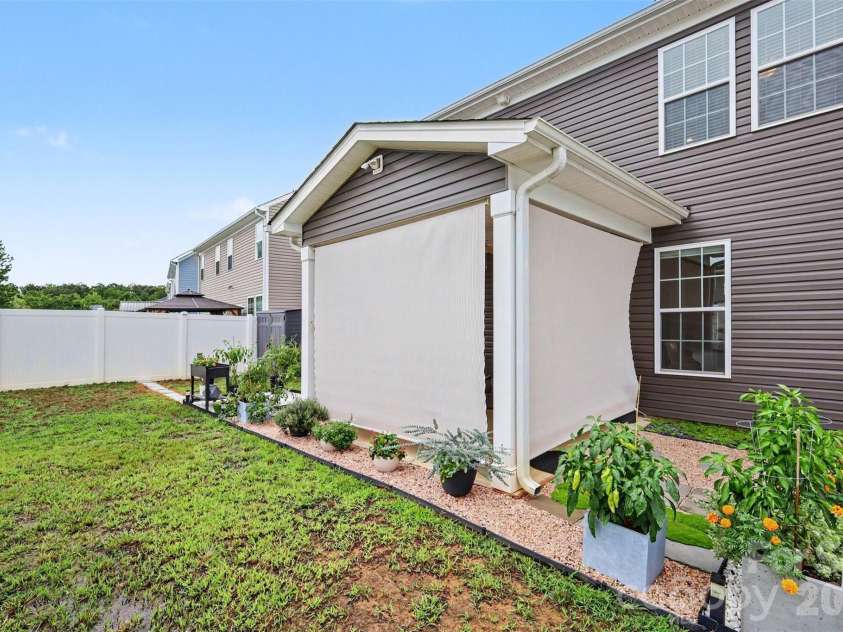 712 Robert Moses Drive, Gastonia, NC 28056.  MLS# CAR4410167, YatesRealty ID 44617. 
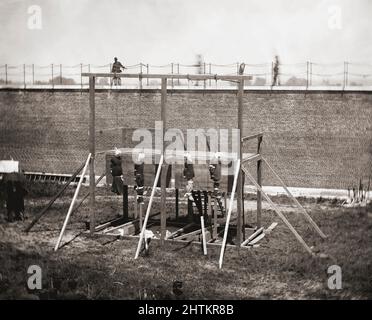 Mary Surratt, Lewis Powell, David Herold et George Atzerodt pendaient des jalets à fort McNair, Washington D.C., le 7 juillet 1865. Ils avaient été reconnus coupables de faire partie de la conspiration qui avait entraîné l'assassinat du président Abraham Lincoln par John Wilkes Booth le 14 avril 1865. Banque D'Images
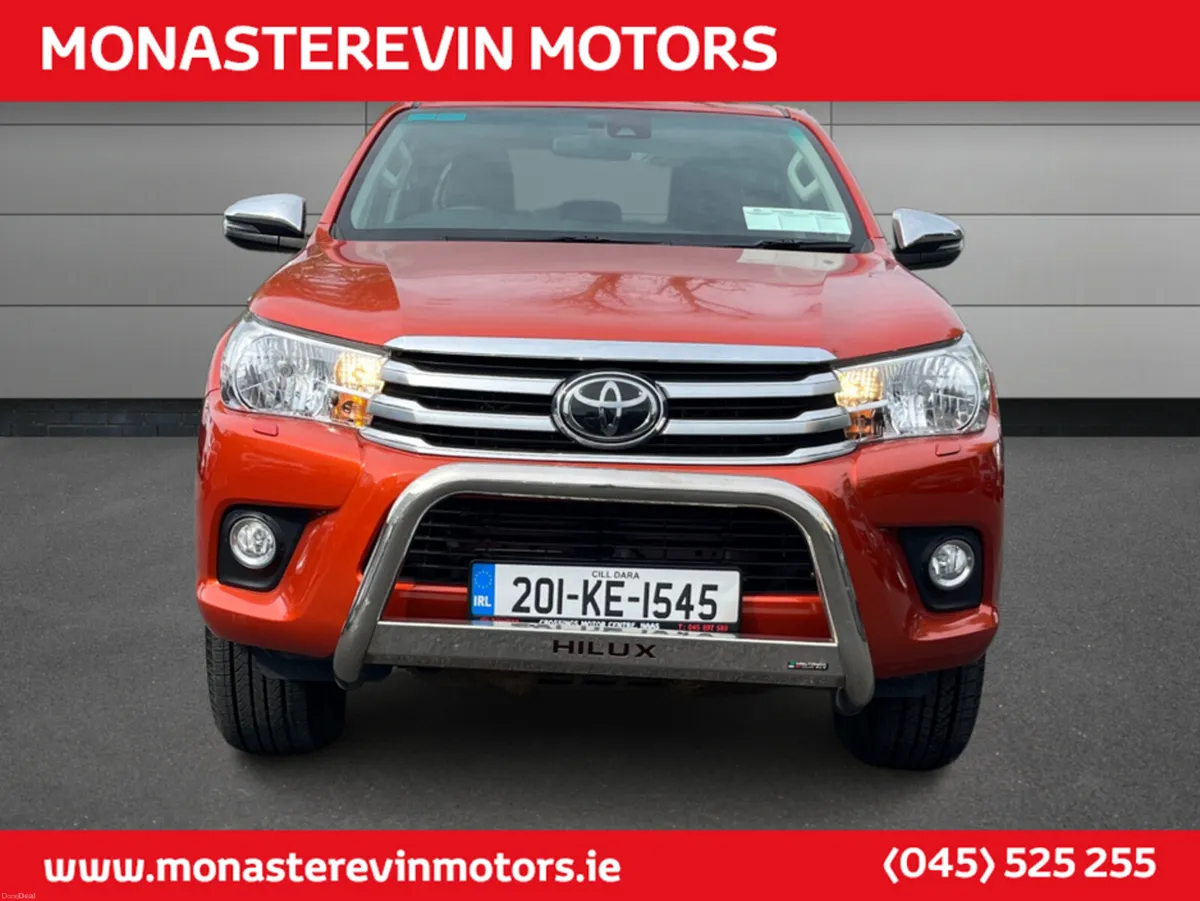 Toyota Hilux DOUBLE CAB SR5 4DR - Image 4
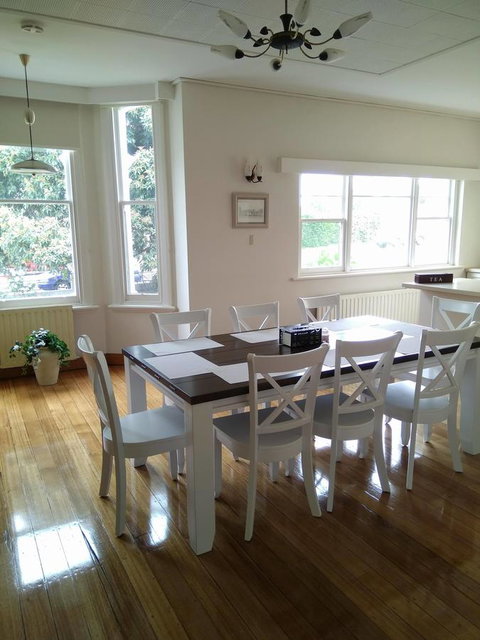 Riverbank Villa - Accommodation Main Beach 15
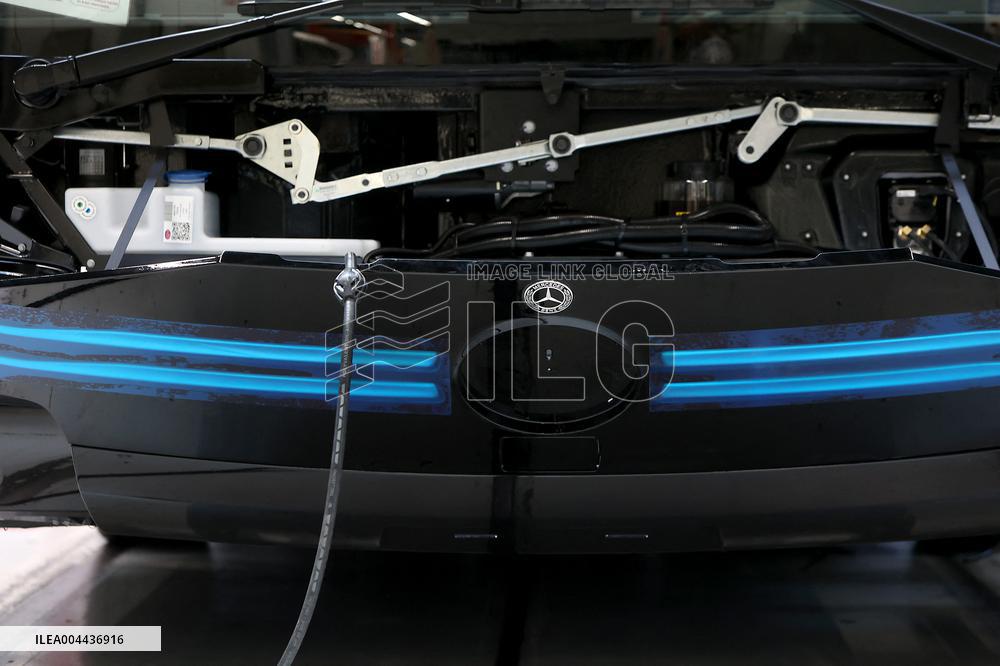 President Macron at the Daimler Buses Site - Meuse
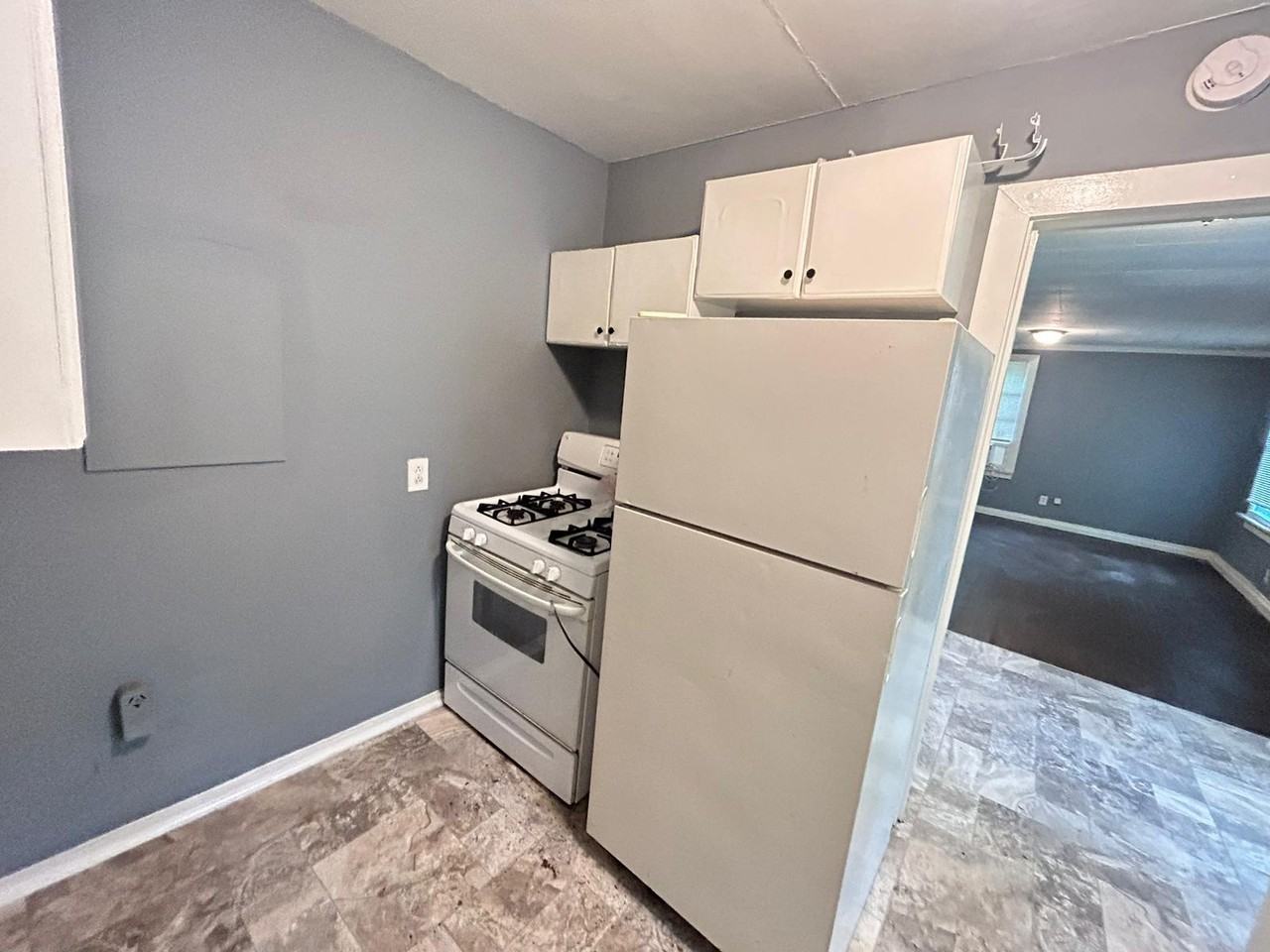 2718 Windsor Pkwy - Photo 3 of 11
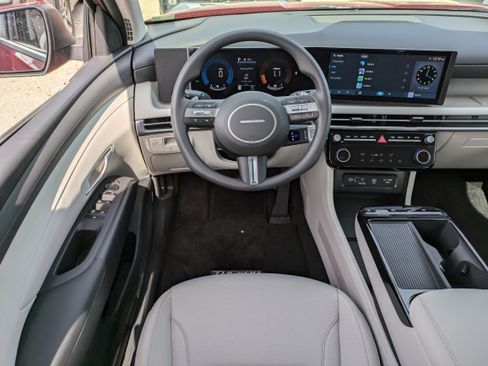 New 2026 Hyundai Tucson Blue SE image 16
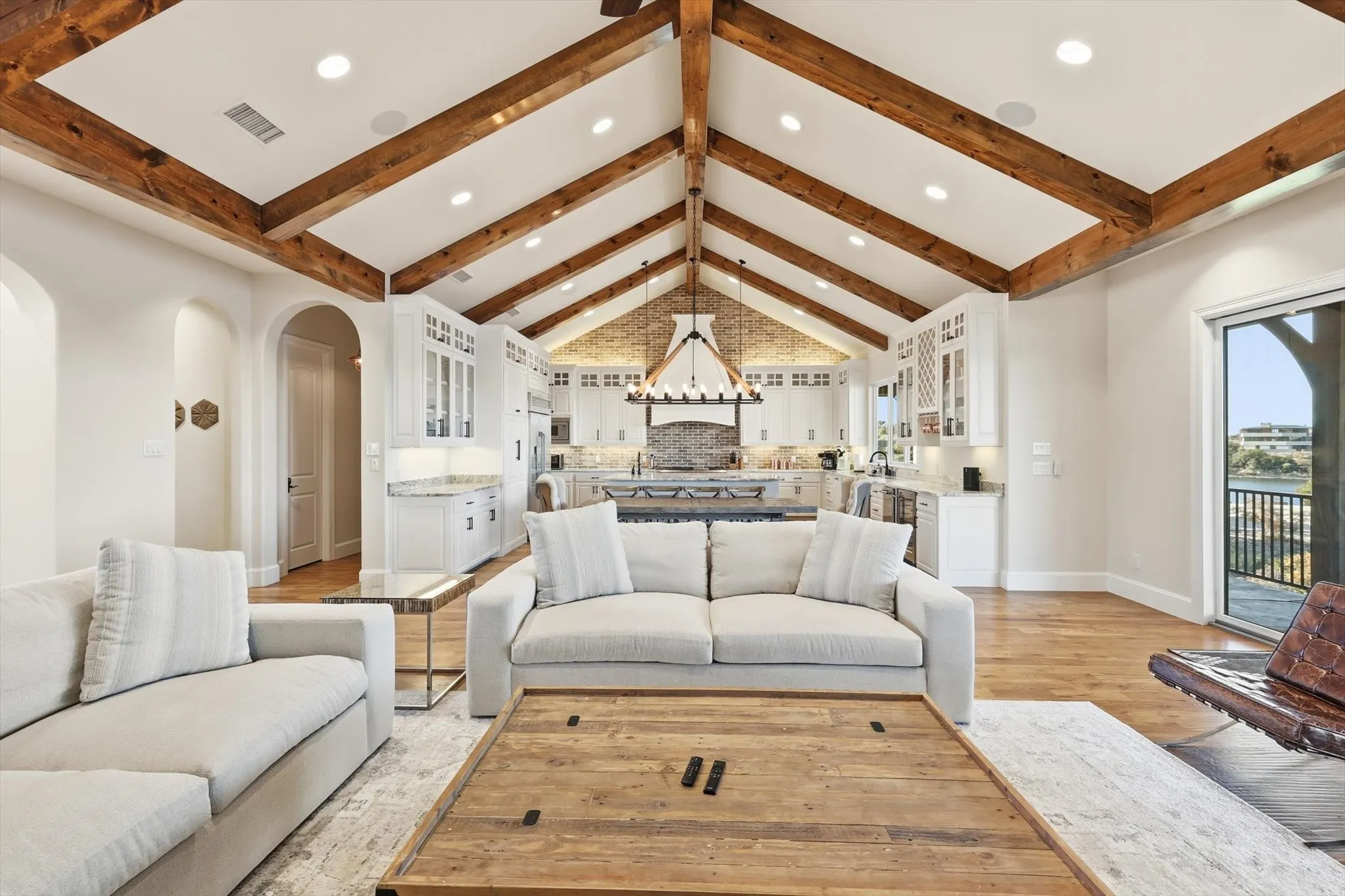Single Family Residence For Sale in Palo Pinto County , 7105 W Hells Gate Drive, Strawn, Texas 76475, 6 Bedrooms, 8 Bathrooms, 3 Garage spaces, 5,520 Sqft, built in 2016, Price $3,499,000, mls#21129905, Real Estate Agent in Strawn, Homes For Sale in Palo Pinto county, Homes For Sale in Strawn, Realtor in Strawn Texas, Real Estate Brokerage Independent Realty Texas, Luminita Cordes Realtor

+-------+

### What you need to do
Starting at the line that holds "2718 Windsor Pkwy - Photo 3 of 11", reproduce each line through the last one of the listing, and nothing more; the pictures stay out.

### Response to this exercise
 2718 Windsor Pkwy - Photo 3 of 11
 New 2026 Hyundai Tucson Blue SE image 16
Single Family Residence For Sale in Palo Pinto County , 7105 W Hells Gate Drive, Strawn, Texas 76475, 6 Bedrooms, 8 Bathrooms, 3 Garage spaces, 5,520 Sqft, built in 2016, Price $3,499,000, mls#21129905, Real Estate Agent in Strawn, Homes For Sale in Palo Pinto county, Homes For Sale in Strawn, Realtor in Strawn Texas, Real Estate Brokerage Independent Realty Texas, Luminita Cordes Realtor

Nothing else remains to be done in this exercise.